Graph of the Number in Queue in the Ice Cream Store

Figure 1.3: Graph of the Number in Queue in the Ice Cream Store

Consider computing the average number in the queue. Suppose we observed the number in the queue to be two one time and ten another time. Would you say that on an average number, we would expect to see six in line? Of course “not”! You need to know how long the value of two was observed and how long the value of ten was observed. Suppose we observe two in the queue for ten minutes of the time and ten in the queue for only one minute. So the queue was observed for a total of 11 minutes. As a result, the value of two was observed 10/11ths of the total time while ten was observed 1/11th of the total time. Our average then is 2*(10/11) + 10*(1/11) or = 2.73 customers. Another way of computing is to realize that the total waiting time1 observed was 20 + 10 over a total of 11 minutes, which also yielded 2.73 people. Now, looking at the data from the ice cream store, we need the percentage of time (40 minutes) that there was zero waiting, one waiting, two waiting, three, and so forth2. In our case, a maximum of two was observed, and the waiting time would be computed as seen in Table 1.5.

Table 1.5: Calculating Average Number in Queue
Number In Queue Time Period Time Spent (min)
0 0.00 – 9.98 0*9.98 = 0.000
1 9.98 – 13.5 1*3.52 = 3.520
2 13.50 – 19.36 2*5.86 = 11.72
1 19.36 – 23.07 1*3.71 = 3.710
2 23.07 – 27.22 2*4.15 = 8.300
1 27.22 – 33.82 1*6.60 = 6.600
0 33.82 – 38.18 0*4.36 = 0.000
1 38.18 – 40.00 1*1.82 = 1.820
Total Waiting Time 35.67 minutes
Average Number in Queue 35.67/40 = 0.89 Customers
  • Utilization: This performance is the percentage of time the server is busy servicing customers, which is calculated by dividing the time spent servicing customers by the total time available. For our example, the attendant is only idle during the time period between finishing servicing customer one and the arrival of customer two (i.e., 9.01 – 8.36 = .65 minutes). Therefore, the attendant’s utilization will be 39.35/40 or 98.4%:
  • Other possible performance measures are maximum values, standard deviations, time between departures, etc.

There are three main types of simulation performance measures, counts, observation-based statistics, and time-persistent statistics, as described in Table 1.6.

Table 1.6: Types of Simulation Performance Measures/Metrics
Type Description/Examples
Counts The number of parts that exited, entered, etc. (e.g., production).
Observation-based Statistics These measures typically deal with time, such as waiting time, time in the system, etc. SIMIO calls observation-based statistics “Tally” statistics.
Time-Persistent/Time-Average Statistics These measures deal with numbers in the system, queue, etc., when the values can be classified into different states. SIMIO calls these “State” statistics.

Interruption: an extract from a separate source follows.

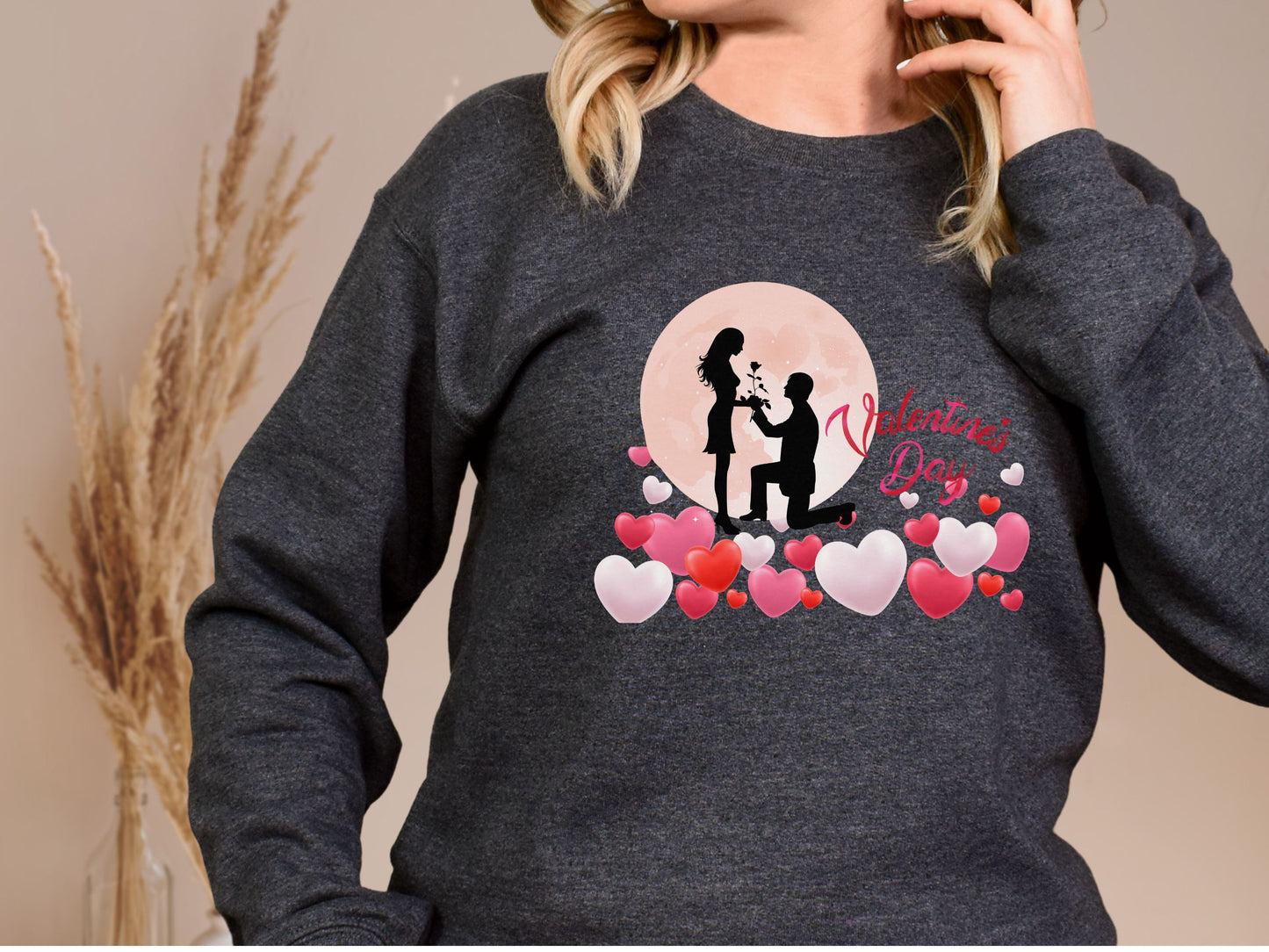 Happy valentines day Unisex Heavy Blend™ Crewneck Sweatshirt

1.2.0.4 What is another example of an observations-based performance measure?
_______________________________________________

1.2.0.5 What is another example of a time-persistence performance measure?
_______________________________________________

1.2.0.6 Is average “inventory” a time-persistent or observation-based statistic?
_______________________________________________

1.2.0.7 Is the amount of time that a job is late a time-persistent or observation-based statistic?
_______________________________________________

Terminology of a Queuing System

Figure 1.4 shows some elements of a “common” queueing system with the normal terminology. We will generally refer to the arriving objects as “model entities” and the counter/attendant as a “server.” You can see the members of the queue and the customer in service. The input processes for this system are the arrival process and service processes. We will provide details on these inputs later.

A Breakdown of Terminology

Figure 1.4: A Breakdown of Terminology

Can We Simulate It?

We want to reproduce the time-study data collection exercise we used for the ice cream store. But we want to synthesize it numerically as opposed to observing it – in essence, simulate it! We can compute the performance measures if we can recreate the time study data. Notice that the time study records are centered on “events.” Recall these events are points in time when the system changes its state (i.e., status). A quick review of that data reveals that three types of events occur, as described in Table 1.7.

Table 1.7: Events of the Ice Cream Store
Number Type Event Description
1 Arrival Indicates an entity will arrive at this time.
2 End of Service An entity will be departing from service (i.e., service has finished)
3 End The simulation will terminate and end all observations.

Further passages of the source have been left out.